Hacker News new | ask | show | jobs
by justinsb 5913 days ago
You choose your quorum trading off cost/complexity vs risk-tolerance. You ensure that not forming a quorum is impossible in scenarios that you care about. e.g. You may decide it's OK not to form a quorum if the entire USA power grid goes offline.

The broad problem is that you're trying to apply the mathematical proof of the CAP theorem to the real world. For example, the proof of the CAP theorem treats single-node failures as a case of network partitioning, which is logically elegant. But in the real world, it's just not realistic to consider a dropped TCP connection as equivalent to the failure of a datacenter, as you seem to be doing.

1 comments

Er, no. I'm just not differentiating between the various reasons why a single node may be unavailable. It doesn't really matter _why_ the node is unavailable... it just is.

FWIW, databases like Cassandra expose the consistency tradeoff to the client. You can do quorum reads/writes with Cassandra. You can't with MySQL or PostgreSQL.

Edit: you can choose between quorum reads/writes and stronger or weaker consistency levels with Cassandra, but can't with MySQL / PostgreSQL.

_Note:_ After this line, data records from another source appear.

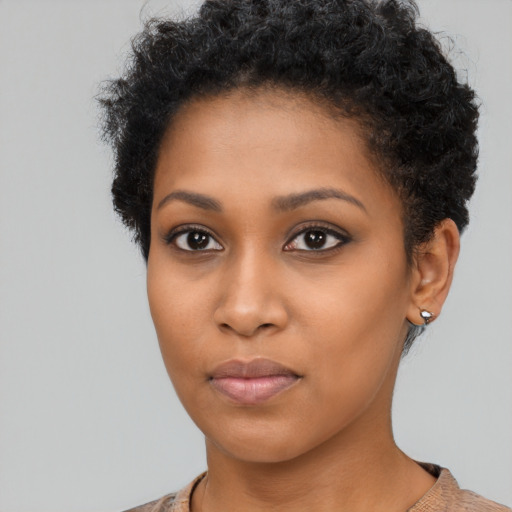 Neutral black young-adult female with short  brown hair and brown eyes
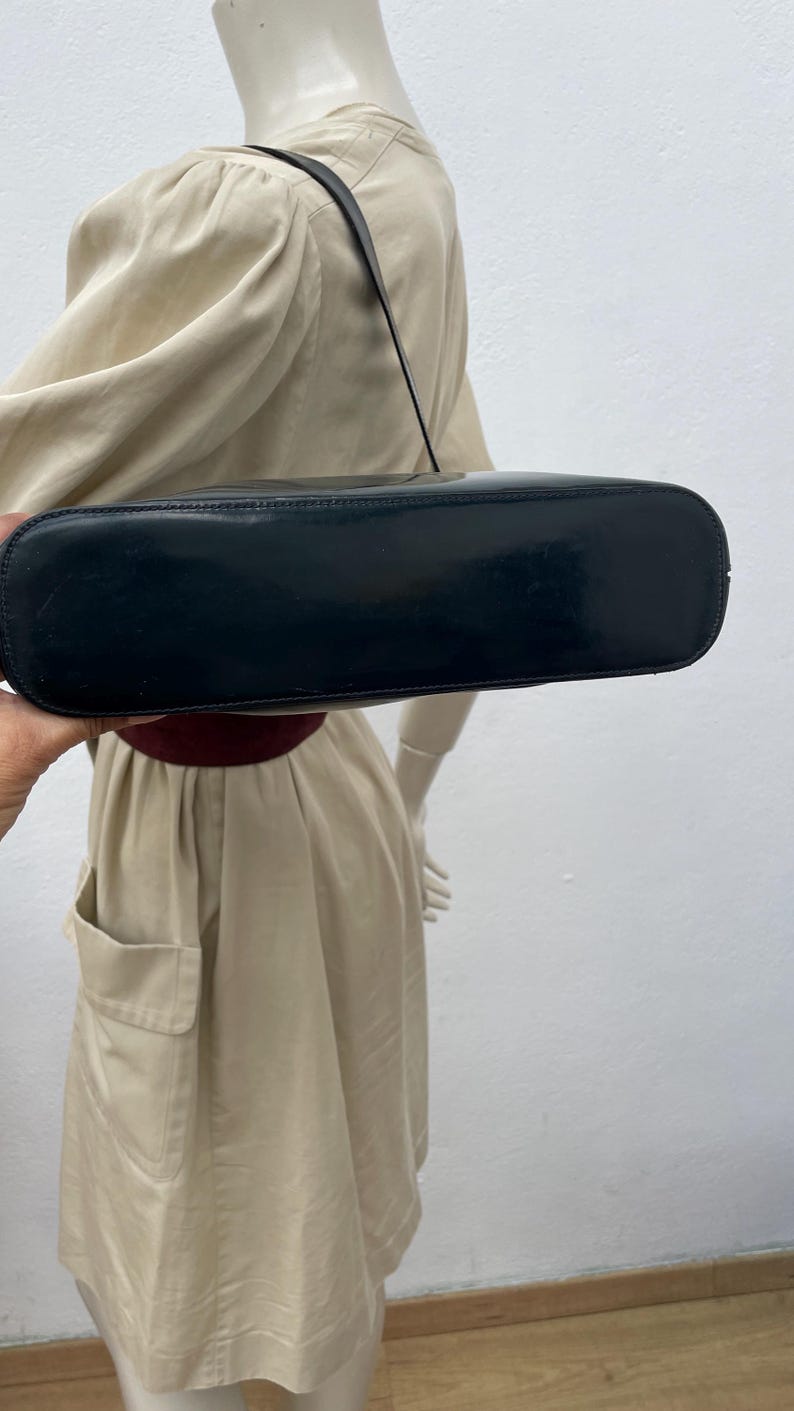Puede incluir: Un bolso de hombro negro con un acabado liso y brillante y una base rectangular. El bolso cuenta con una sola correa fina unida a la parte superior, mostrando un dise&ntilde;o elegante con l&iacute;neas limpias y un color oscuro s&oacute;lido en todo el exterior.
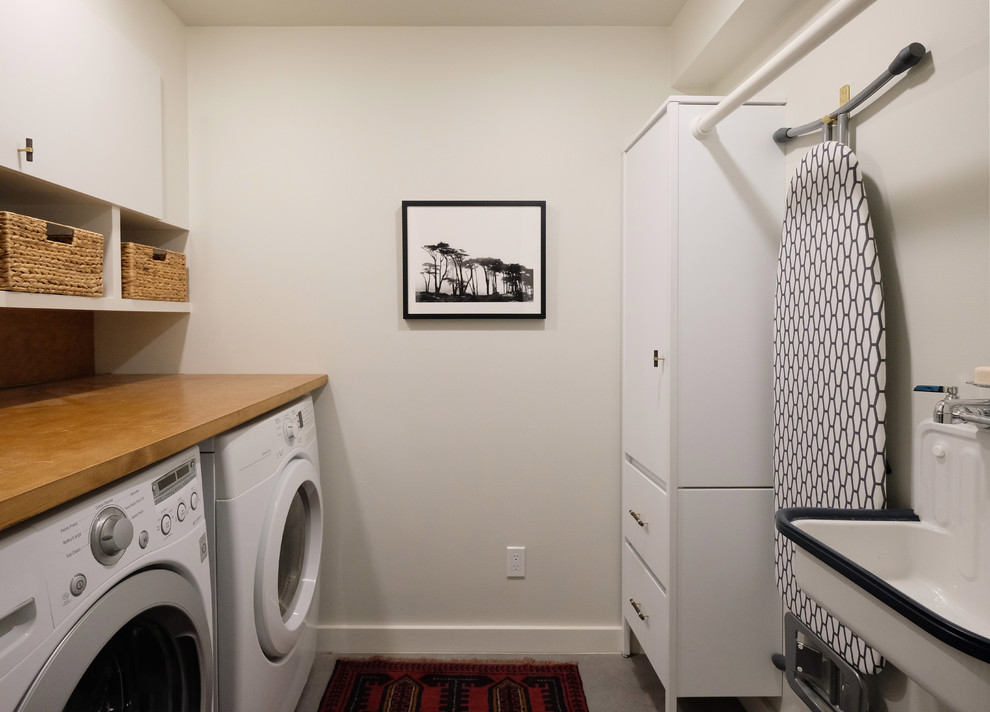 This is an example of a mid-sized contemporary galley dedicated laundry room in San Francisco with a farmhouse sink, flat-panel cabinets, white cabinets, wood benchtops, white walls, concrete floors, a side-by-side washer and dryer and grey floor.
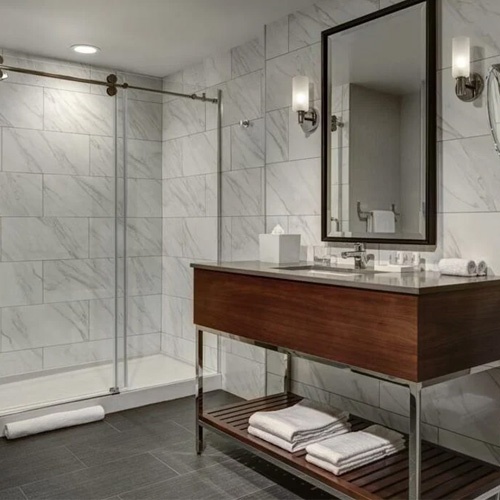Bathroom vanity and shower in Le Meridien hotel by Marriott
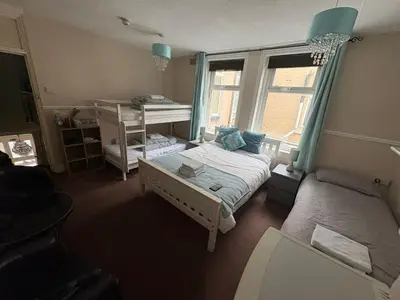 a small room with a bed and a desk at The Lynbar Hotel in Blackpool
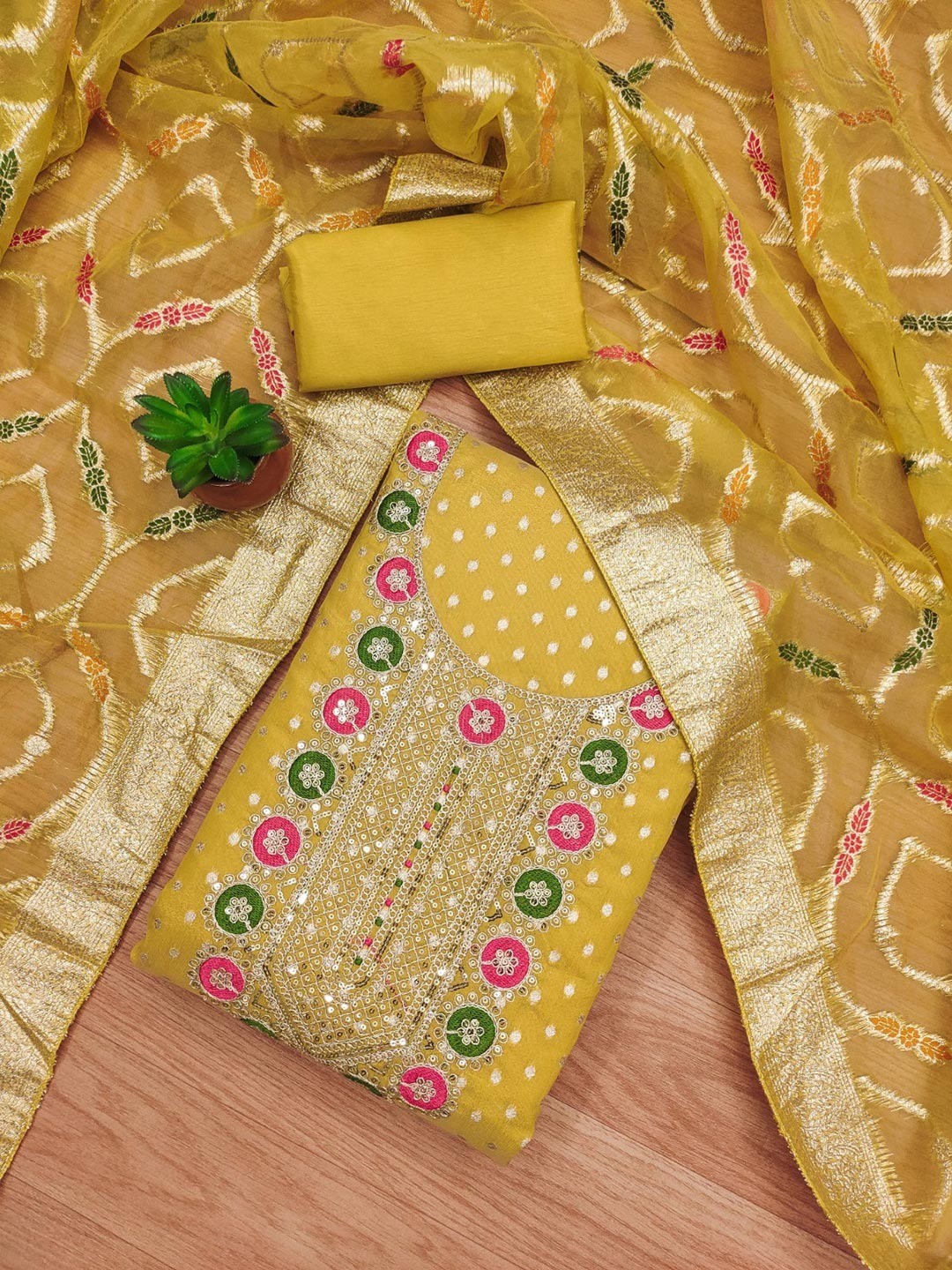 Graceful Mustard Floral Weaving Shimmer Dress Material Adorned With Cording Sequins Embroidery - Image 1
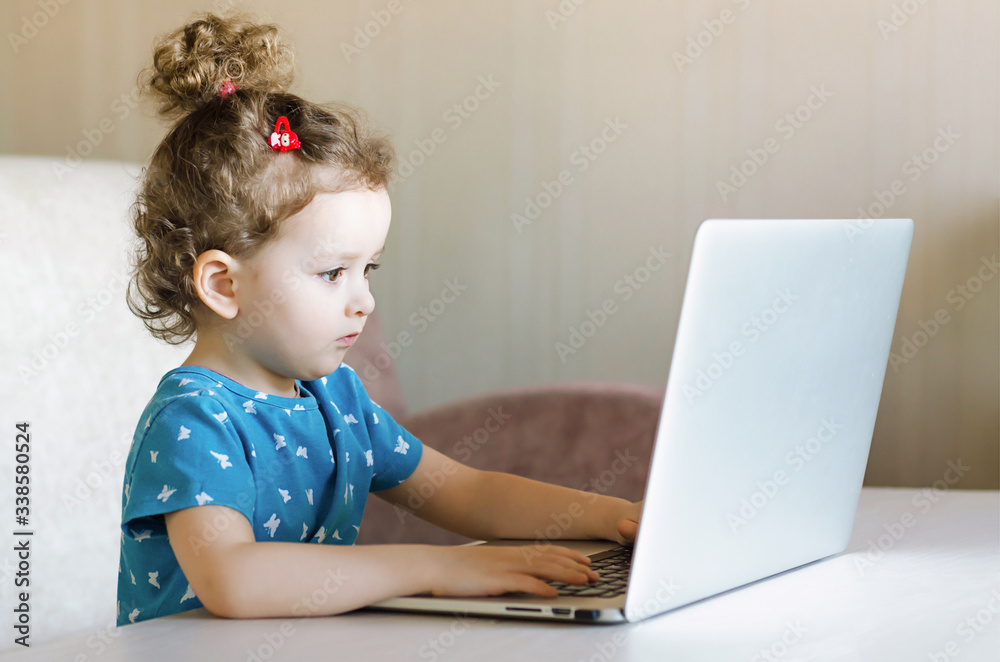 Distance learning online education. girl studying at home with laptop notebook  computer and doing school homework.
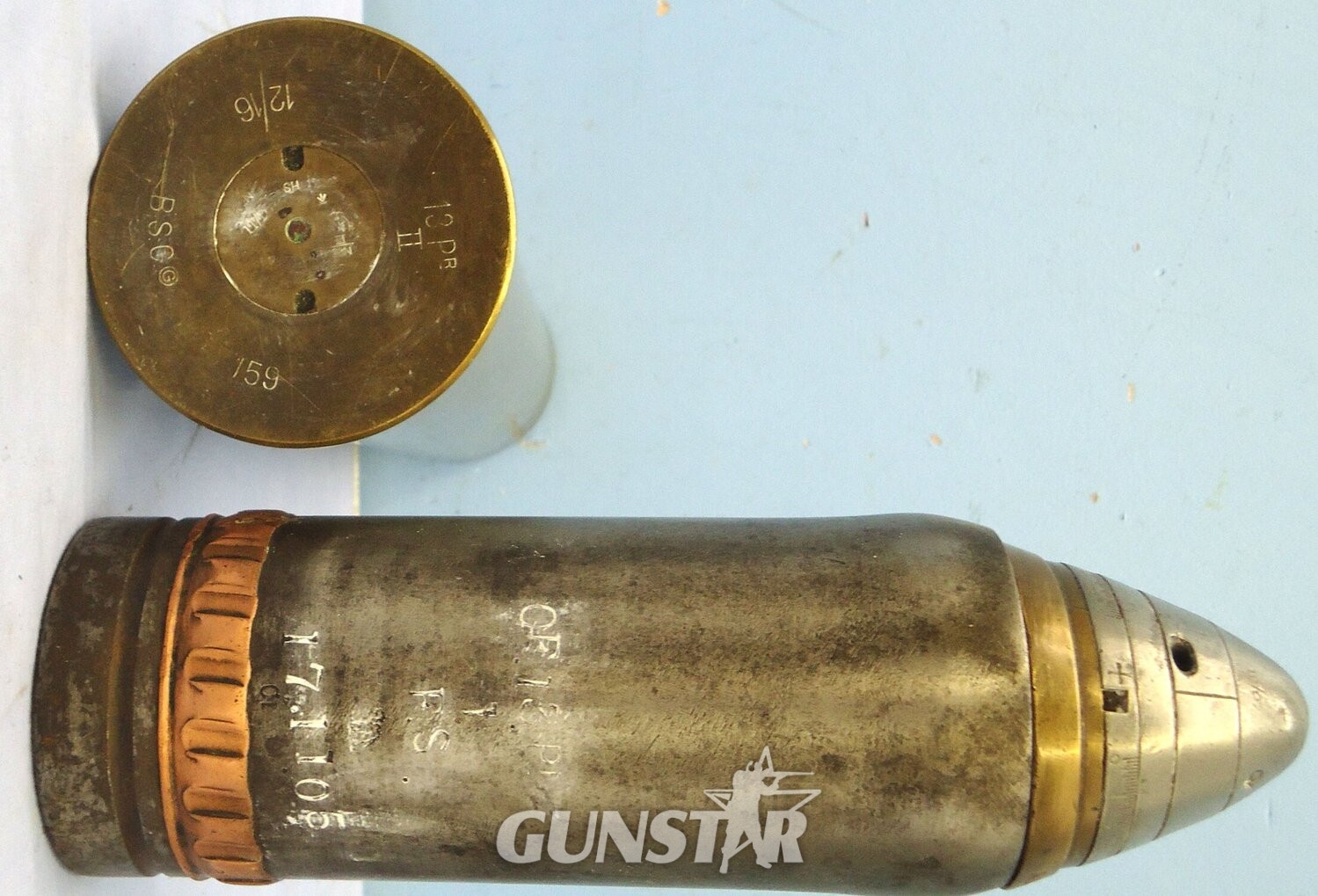 INERT DEACTIVATED. WW1 Era, 1910 Dated, British 13 Pounder (75x313R), Fired & Recovered Shrapnel Round Fitted With A No. 80 Mk II Time And Percussion Fuze. - O 2126 INERT DEACTIVATED. WW1 Era, 1910 Dated, British 13 Pounder (75x313R), Fired & Recovered Shrapnel Round Fitted With A No. 80 Mk II Time And Percussion Fuze. - O 2126  Other Ammunition - {CATEGORY}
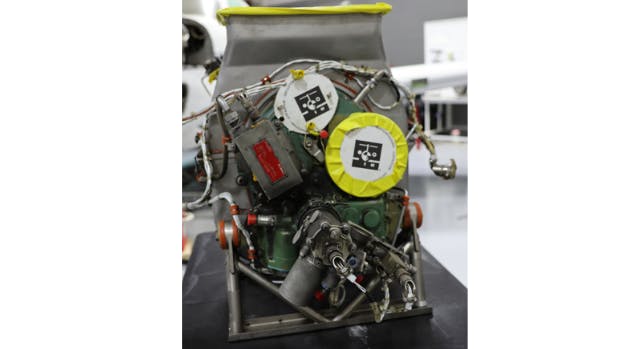 A photograph of an auxiliary power unit with metal wiring and yellow accents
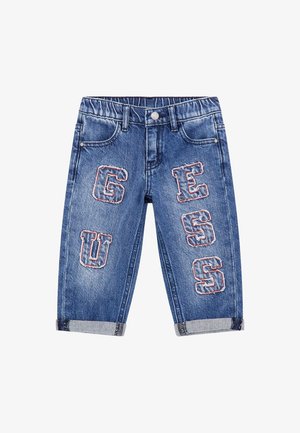 Blauwe denim jeans met een lichte wassing, voorzien van grote geborduurde letters 'G', 'U', 'E', 'S', 'S' in contrasterende kleuren aan de voorkant.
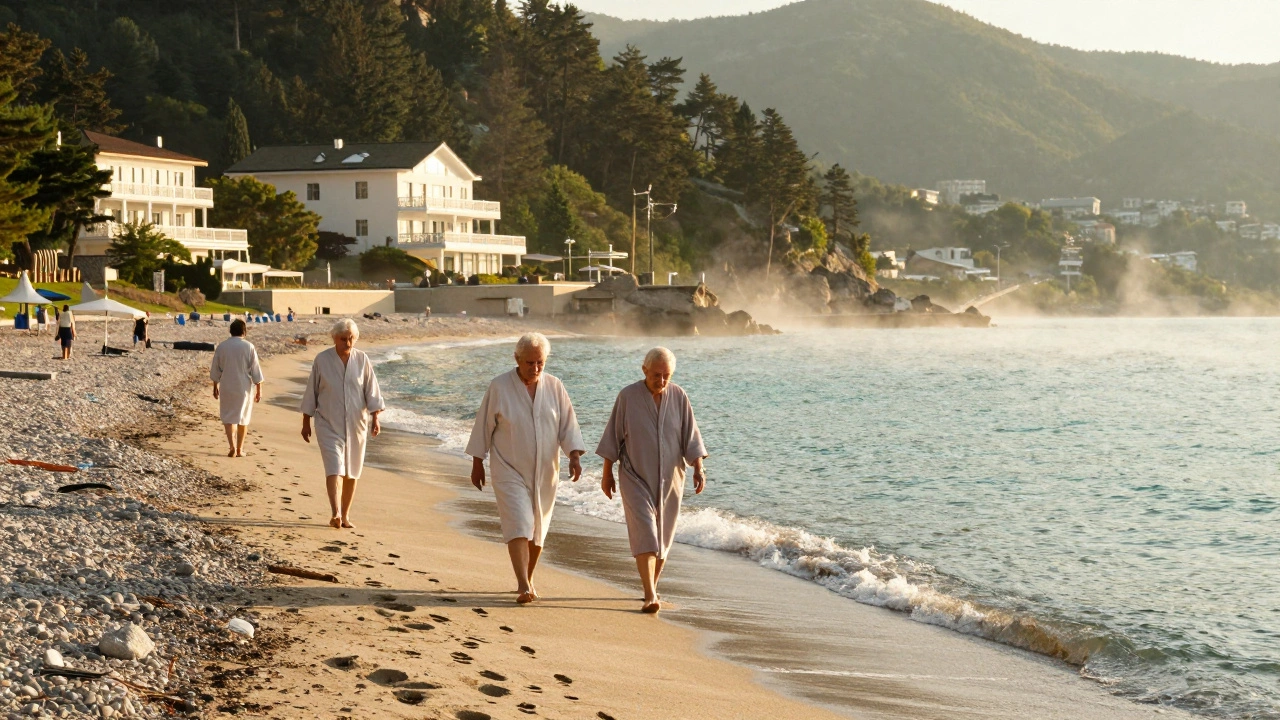 Пациенты прогуливаются по берегу Чёрного моря в Сочи после морских процедур, солнце освещает морской туман.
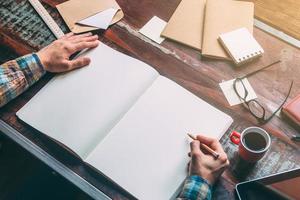 Start planning today. Close-up top view image of man writing in notebook with copy space while sitting at the rustic wooden table photo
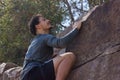 Athletic young man climbing up on rock wall outdoors Royalty Free Stock Photo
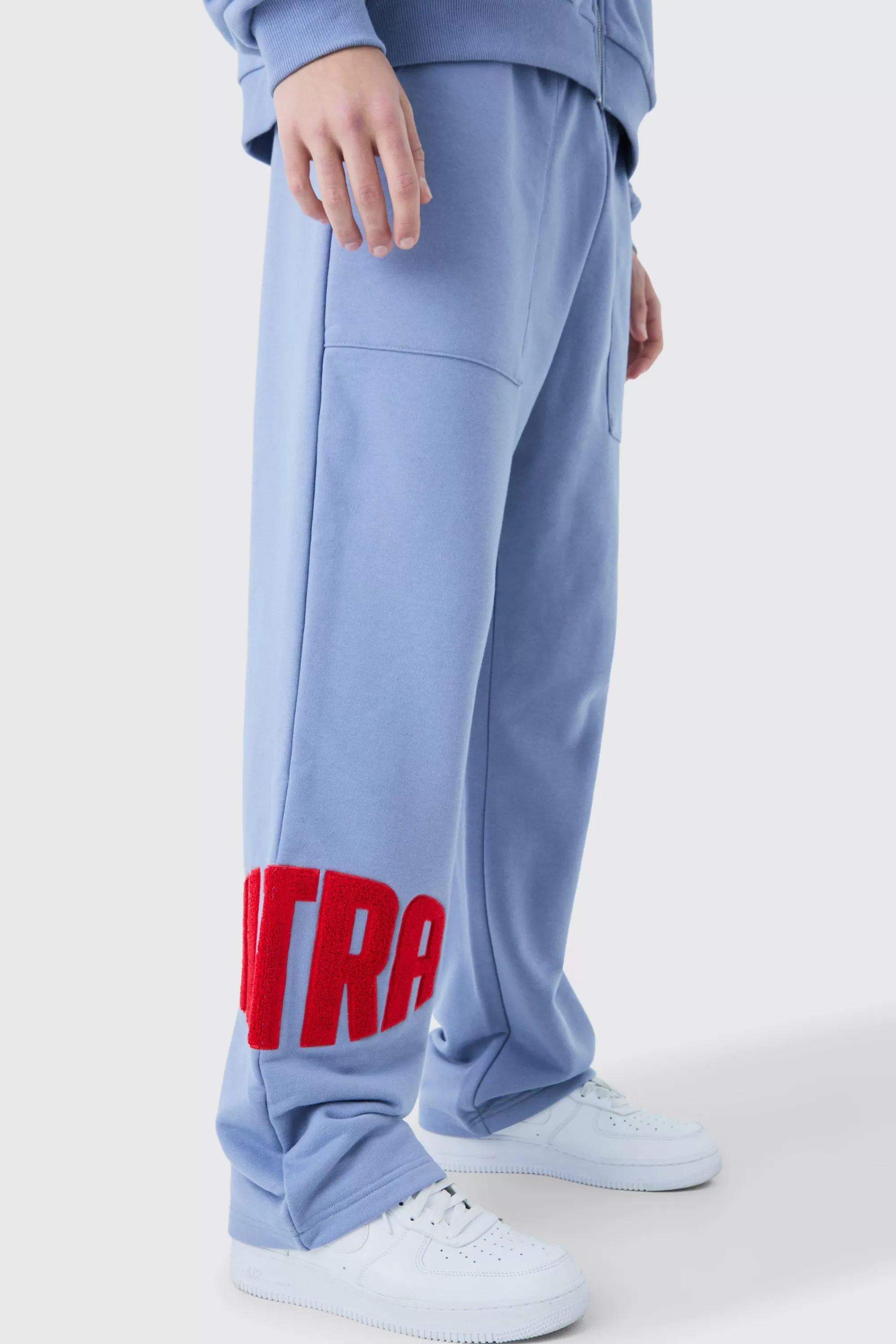 boohooMAN Straight Leg Borg Applique Joggers | UK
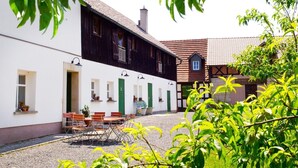 A courtyard with a white building, a black building, and a red-roofed house. - Schlossgut Franken (Redwitz an der Rodach)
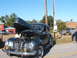 1971 Ford Ranchero - A dark gray coupe, possibly a 1939 model, is displayed with its hood open, revealing the engine compartment.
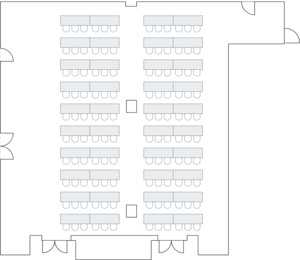 Large hall with rows of classroom-style tables.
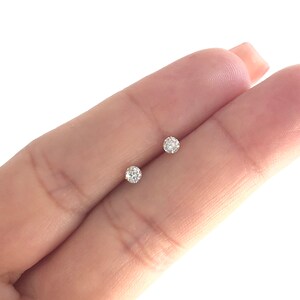 May include: A pair of small, round, clear diamond stud earrings set in gold.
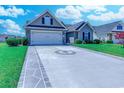 Well-maintained home featuring a two-car garage, a decorative driveway, and manicured landscaping at 35 Palmetto Green Dr., Longs, SC 29568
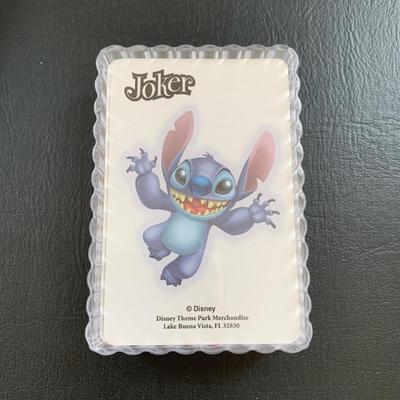 LOT 103 M: Disney Collection: Keychains, Postcards, CD, Playing Cards, Grumpy & Figment Stuffed Animals, DVD's, & More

I'm not going to treat a cosmic ray corrupting one single network packet the same way I treat a hurricane cutting off power to a datacenter for 2 weeks. I do see the intellectual appeal in doing so, but we'll just have to agree to disagree!
Uhm, of course they're not the same thing... but they have the same effect. The point is that the system remains available even if a node becomes unavailable for _whatever_ reason. I'm not sure what you're disagreeing on... There are common and uncommon modes of failure. Of course we should prioritize handling the common ones. But if we can handle all of them at once that's ideal. And, as I said in an earlier comment, when you're doing a million operations a second, failures that are one-in-a-million happen every second.